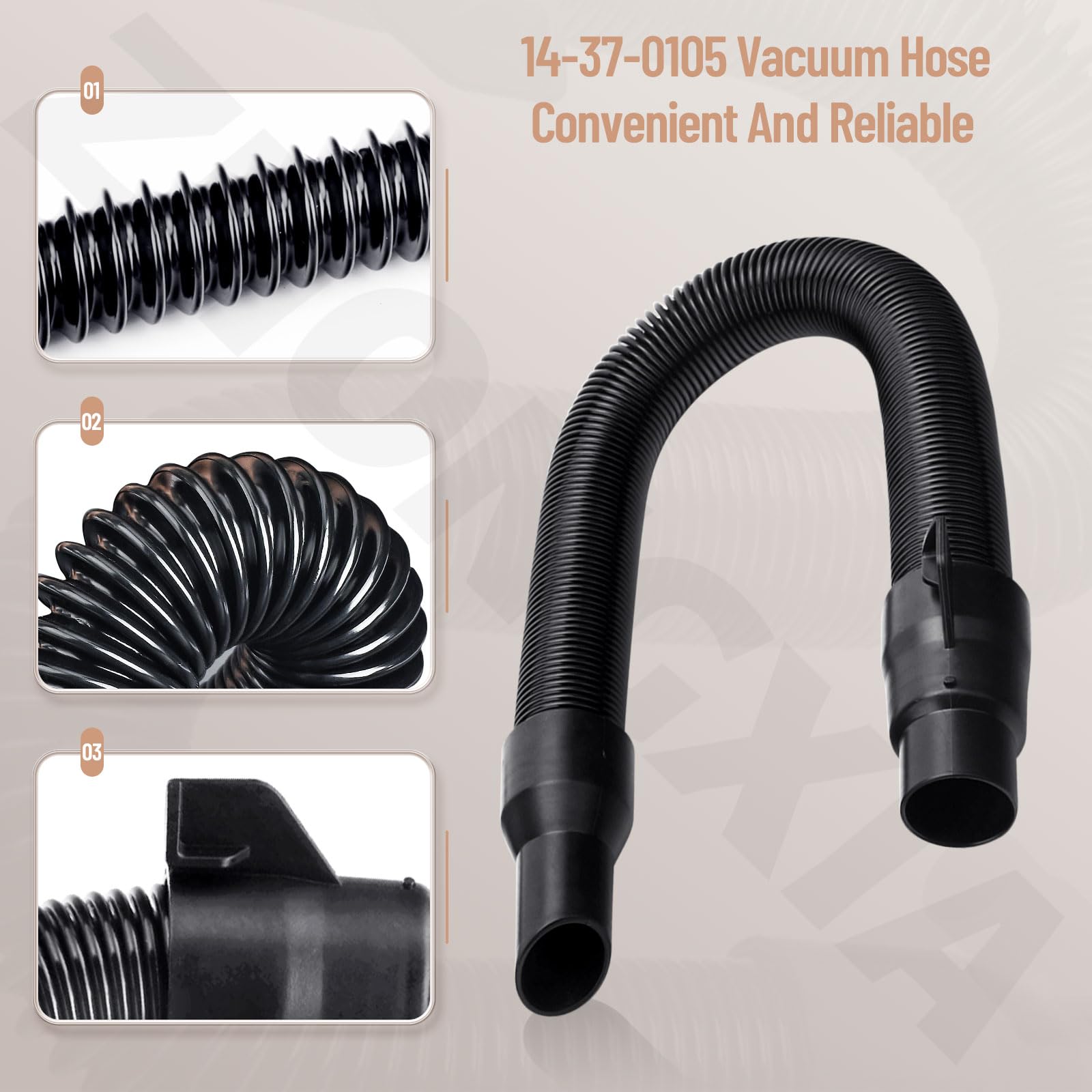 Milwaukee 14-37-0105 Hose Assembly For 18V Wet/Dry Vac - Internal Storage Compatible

* * *

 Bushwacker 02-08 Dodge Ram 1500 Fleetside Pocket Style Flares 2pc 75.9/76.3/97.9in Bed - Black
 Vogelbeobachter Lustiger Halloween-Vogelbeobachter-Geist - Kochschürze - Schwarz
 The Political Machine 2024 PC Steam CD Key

* * *

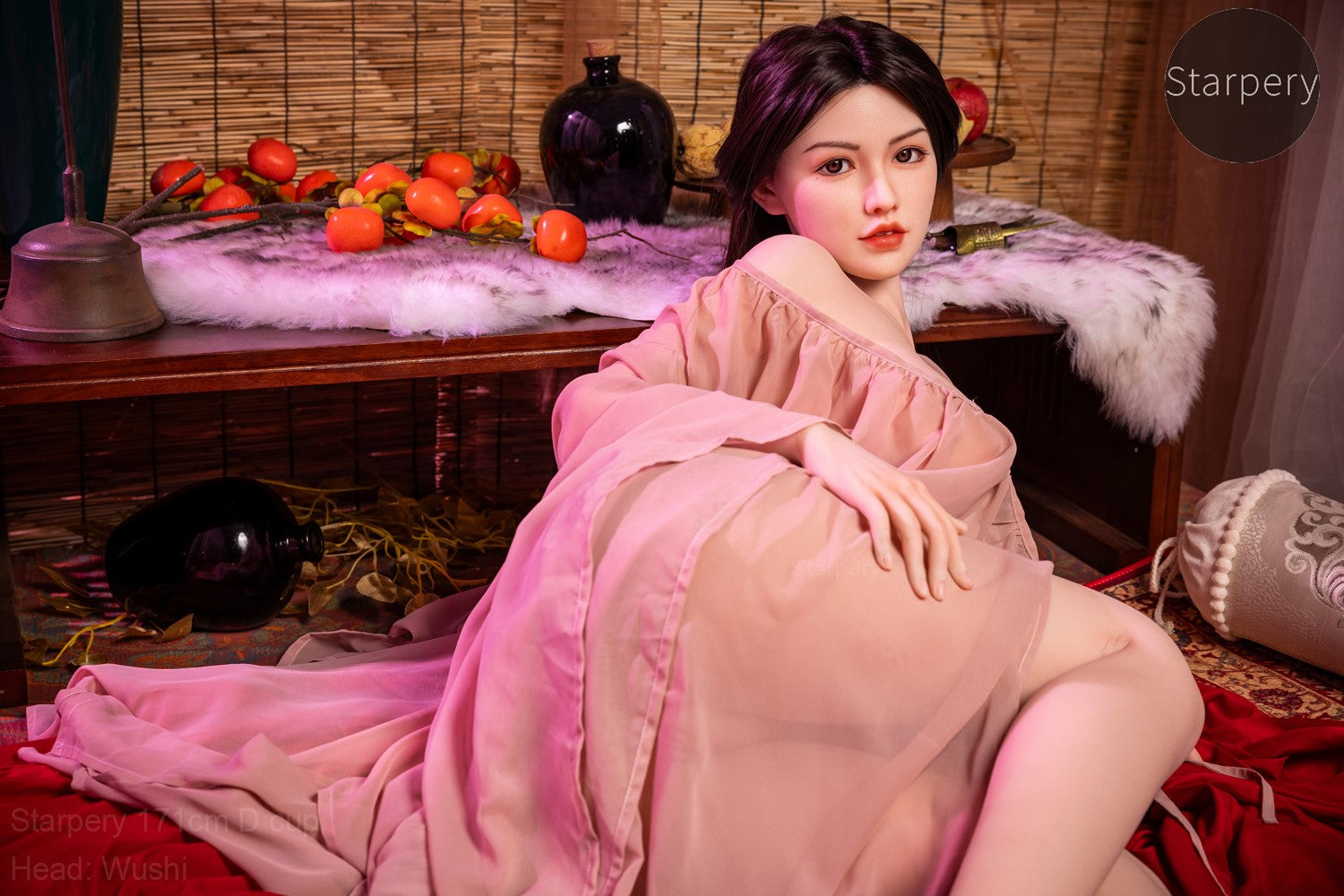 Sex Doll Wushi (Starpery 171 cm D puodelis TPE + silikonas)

(Instructions to follow): From the records above, transcribe exactly the run of lines that opens with the line holding "Bushwacker 02-08 Dodge" and closes with the line holding "The Political Machine 2024 PC Steam CD Key", both included.

(Written response):
 Bushwacker 02-08 Dodge Ram 1500 Fleetside Pocket Style Flares 2pc 75.9/76.3/97.9in Bed - Black
 Vogelbeobachter Lustiger Halloween-Vogelbeobachter-Geist - Kochschürze - Schwarz
 The Political Machine 2024 PC Steam CD Key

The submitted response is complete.